### What this task involves
Go to the line with "you may have" in the entries below and write out every line from there through the line with "Inexpensive multimeters —", exactly and without pictures.

━━━ Materials provided ━━━

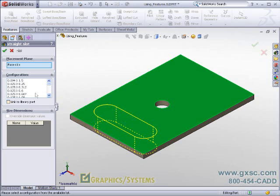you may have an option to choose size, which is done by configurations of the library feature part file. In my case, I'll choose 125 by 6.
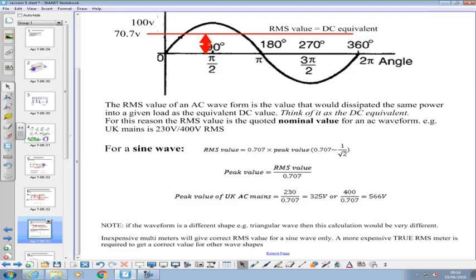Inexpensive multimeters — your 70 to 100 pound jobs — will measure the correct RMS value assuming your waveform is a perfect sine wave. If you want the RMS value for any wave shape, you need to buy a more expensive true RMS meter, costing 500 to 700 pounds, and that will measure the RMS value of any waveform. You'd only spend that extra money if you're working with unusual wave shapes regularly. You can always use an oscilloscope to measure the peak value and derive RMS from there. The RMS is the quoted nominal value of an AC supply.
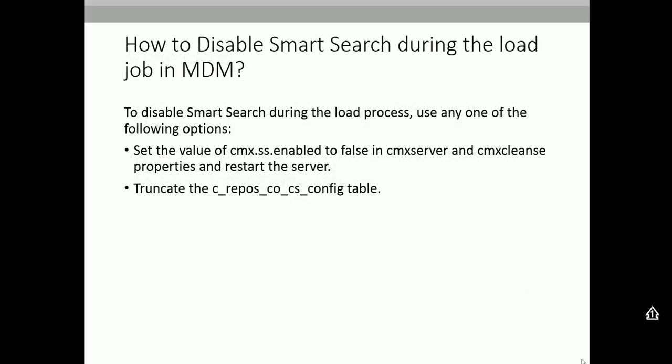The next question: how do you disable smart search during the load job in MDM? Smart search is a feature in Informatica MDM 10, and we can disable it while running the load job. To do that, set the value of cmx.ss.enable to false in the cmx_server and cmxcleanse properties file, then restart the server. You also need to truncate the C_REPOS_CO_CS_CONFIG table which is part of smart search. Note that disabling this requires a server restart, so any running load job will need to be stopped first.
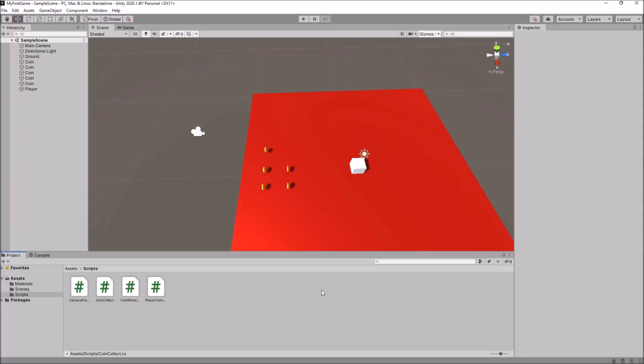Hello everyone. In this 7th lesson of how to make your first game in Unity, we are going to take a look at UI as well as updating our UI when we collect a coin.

━━━
━━━ Materials provided ━━━

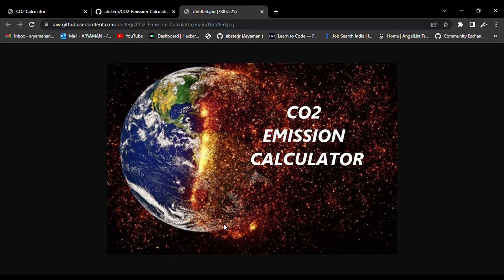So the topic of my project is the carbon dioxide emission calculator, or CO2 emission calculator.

━━━

### Reply to the task
you may have an option to choose size, which is done by configurations of the library feature part file. In my case, I'll choose 125 by 6.
Inexpensive multimeters — your 70 to 100 pound jobs — will measure the correct RMS value assuming your waveform is a perfect sine wave. If you want the RMS value for any wave shape, you need to buy a more expensive true RMS meter, costing 500 to 700 pounds, and that will measure the RMS value of any waveform. You'd only spend that extra money if you're working with unusual wave shapes regularly. You can always use an oscilloscope to measure the peak value and derive RMS from there. The RMS is the quoted nominal value of an AC supply.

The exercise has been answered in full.